Below are entries; copy exactly, and only, the lines from the one containing "Dseap Coat Rack" through their final line, leaving out pictures.
[[ Raw data open ]]
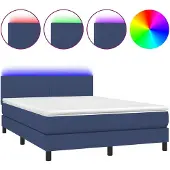 vidaXL Boxspring met matras en LED stof blauw 140x200 cm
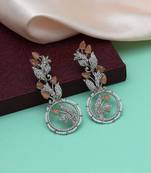 Peach color american diamond earrings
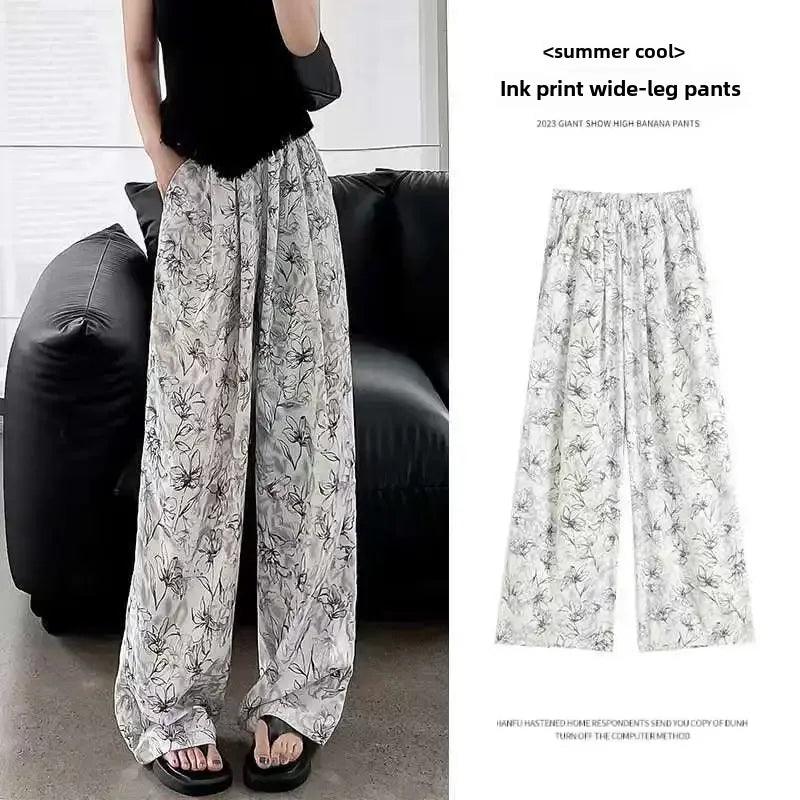 High-waisted Slimming Women's Bell Bottoms Casual Loose-fit Straight-leg Pants Summer Printing Ink Watermarked Chinese Style - petguardiansupplies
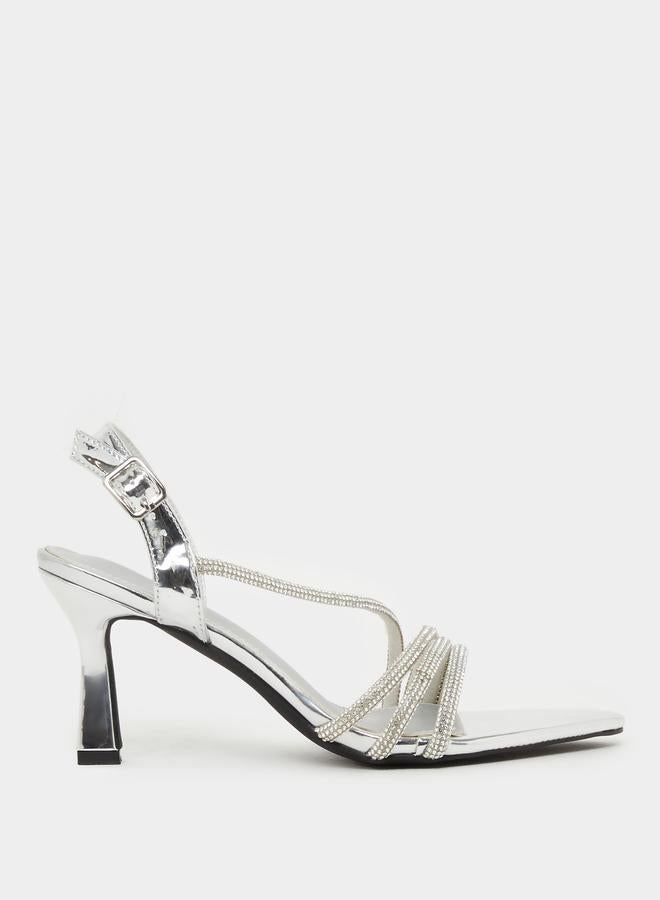 ستايلي صنادل بكعب ستيليتو رفيع بأشرطة مزينة بالخرز - Image 1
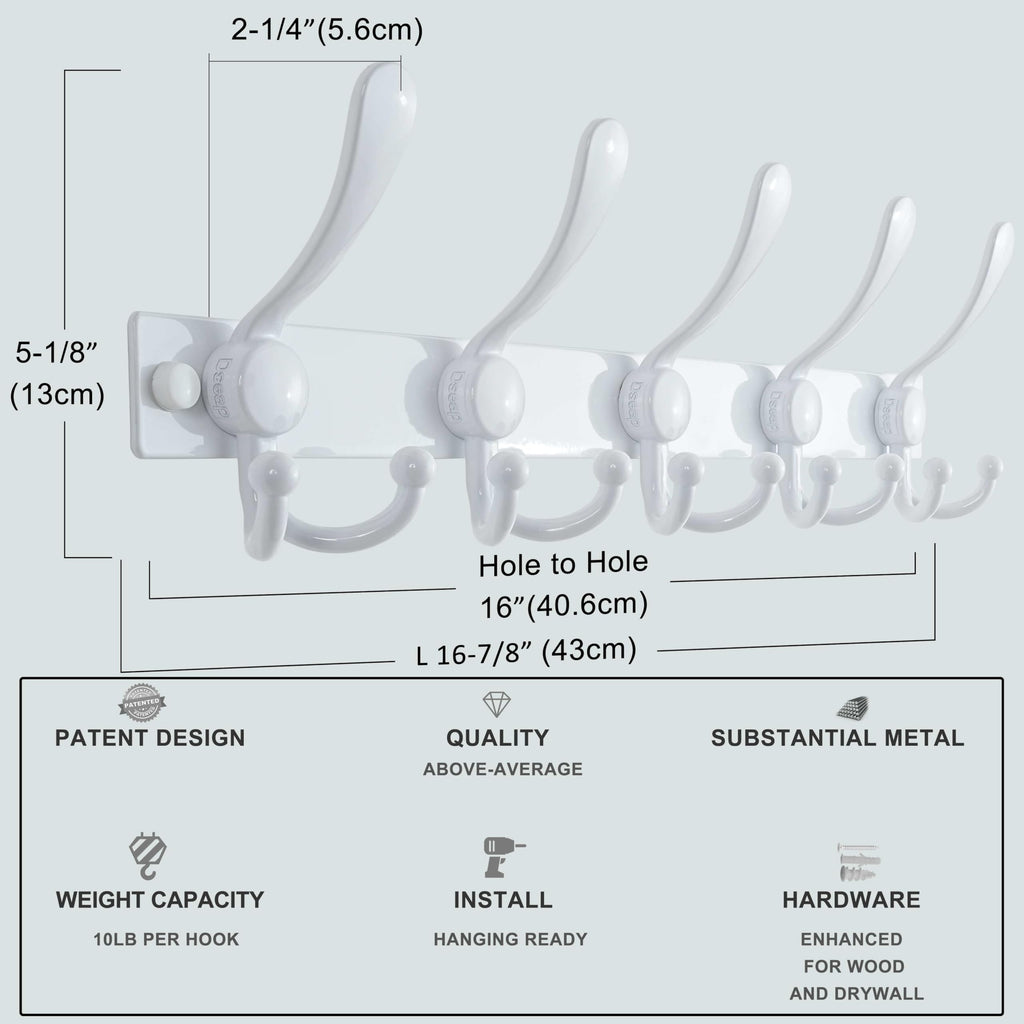 Dseap Coat Rack Wall Mount, Heavy Duty 2.5mm Base vs Flimsy 1mm, Double-Thick Solid Anti-Snap Hooks - image 5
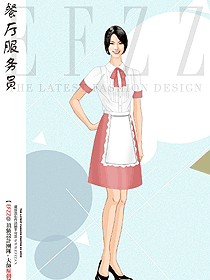 日式酒店餐饮女服务生短裙制服设计图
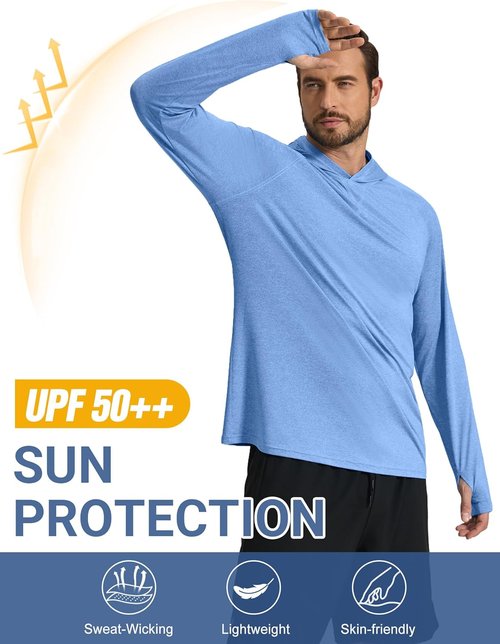 COOFANDY Men's Fishing Shirt - Lightweight Quick-Dry UPF 50+ UV Protection Hoodie | Long Sleeve Rash Guard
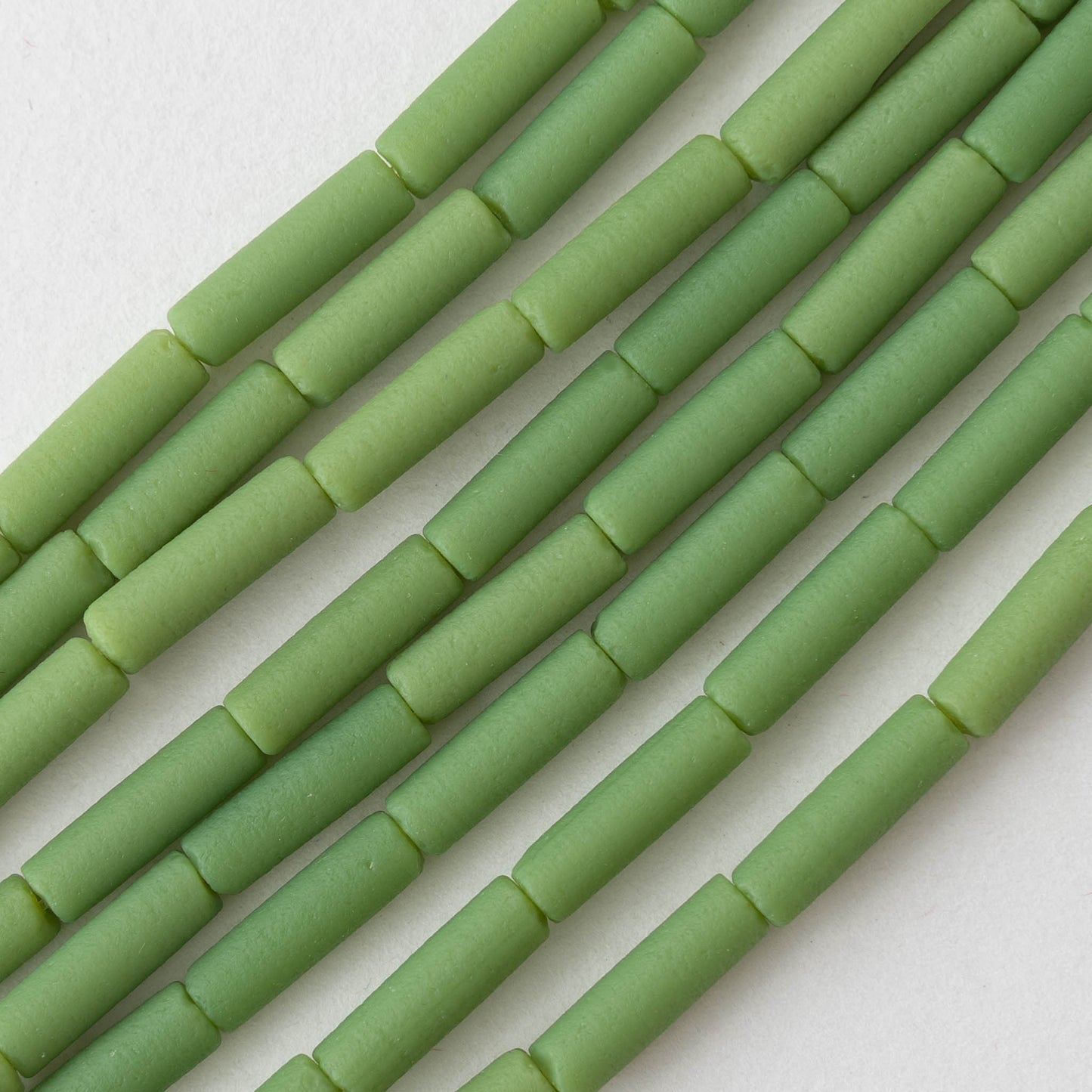 4x14mm Frosted Glass Tube Beads - Opaque Green
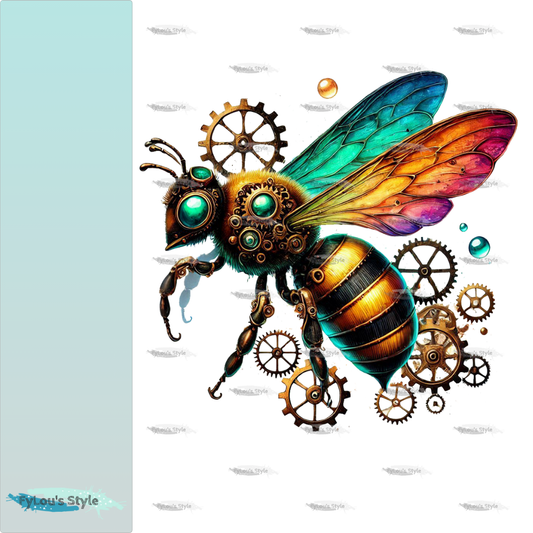 Bügelbild Steampunk Biene #4 Fylou's Style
[[ Raw data closed ]]
■ **Response**
 Dseap Coat Rack Wall Mount, Heavy Duty 2.5mm Base vs Flimsy 1mm, Double-Thick Solid Anti-Snap Hooks - image 5
 日式酒店餐饮女服务生短裙制服设计图
 COOFANDY Men's Fishing Shirt - Lightweight Quick-Dry UPF 50+ UV Protection Hoodie | Long Sleeve Rash Guard
 4x14mm Frosted Glass Tube Beads - Opaque Green
 Bügelbild Steampunk Biene #4 Fylou's Style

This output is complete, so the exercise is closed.